[Issue]: Lower than expected torch.compile speedup with torch_migraphx for SD1.5 and SD2.0
Problem Description
Trying out torch.compile via torch_migraphx and using the example code in torch_migraphx/examples/dynamo/stable_diffusion (but compiling only the unet) does not seem to give a performance increase. Passing in exhaustive_tune gives a small performance increase, but takes roughly 20 minutes to compile.
Below are the performance results: Resolution: 512x512, steps: 75, excluding the first pass
| Model | Compile option | Speed |
|---|---|---|
| SD1.5 | None | ~8.5it/s |
| SD1.5 | migraphx | ~8.2it/s |
| SD1.5 | migraphx exhaustive_tune | ~8.7it/s |
| SD2,0 | None | ~9.2it/s |
| SD2.0 | migraphx | ~9.17it/s |
| SD2.0 | migraphx exhaustive_tune | ~8.87it/s |
Paging @sunway513
Operating System
Ubuntu 22.04.3 LTS
CPU
Ryzen 7 7700X
GPU
AMD Radeon RX 6800 XT
Other
No response
ROCm Version
ROCm 6.0.0
Steps to Reproduce
No response
(Optional for Linux users) Output of /opt/rocm/bin/rocminfo --support
No response
Additional Information
I had to patch in this commit to solve static_compute_shape: reshape_lazy on axis that is not packed when running the example.
I had to patch in this commit to solve static_compute_shape: reshape_lazy on axis that is not packed when running the example.
There is perf issues with that commit which is why it was never merged. That could very likely be what is causing the perf issue.

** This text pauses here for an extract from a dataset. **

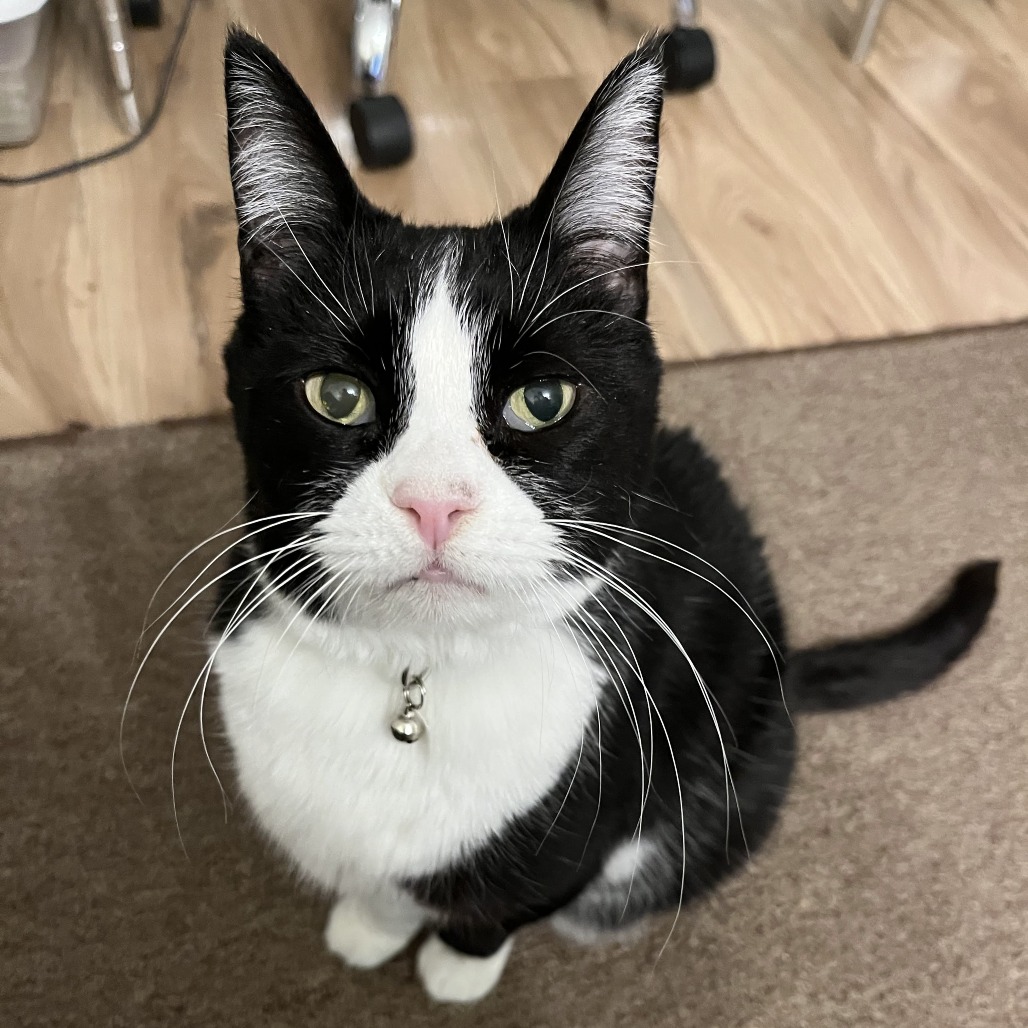 Whisper - Domestic Shorthair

Also, what version/commit of migraphx are you using for this? As we did fix a reshape_lazy issue in #2721, so I dont know if that fixes your issue or if there is another issue to be addressed.
Also, what version/commit of migraphx are you using for this? As we did fix a reshape_lazy issue in #2721, so I dont know if that fixes your issue or if there is another issue to be addressed.
Initially tried ROCm 6.0 with MIGraphX 2.8, then after encountering the reshape lazy error, I forked MIGraphX at commit ddc991d and applied the patch as described above, unaware of the fix. I'll try out ROCm 6.1 with MIGraphX 2.9 and report back
I'll try out ROCm 6.1 with MIGraphX 2.9 and report back
Below is the performance of ROCm 6.1 with MIGraphX 2.9: Resolution: 512x512, steps: 75, excluding the first pass
| Model | Compile Option | Speed |
|---|---|---|
| SD1.5 | None | ~8.67it/s |
| SD1.5 | migraphx | ~9.98it/s |
| SD1.5 | migraphx exhaustive_tune | ~10.85it/s |
| SD2.0 | None | ~9.52it/s |
| SD2.0 | migraphx | ~9.98it/s |
| SD2.0 | migraphx exhaustive_tune | ~10.7it/s |
The performance increase does seem pretty nice (up to 25%). Are these performance improvements to be expected or should it be more?
As for SDXL, 1024x1024 compilation fails with the following error: RuntimeError: /long_pathname_so_that_rpms_can_package_the_debug_info/src/extlibs/AMDMIGraphX/src/targets/gpu/hip.cpp:109: allocate_gpu: Memory not available to allocate buffer: 41943040.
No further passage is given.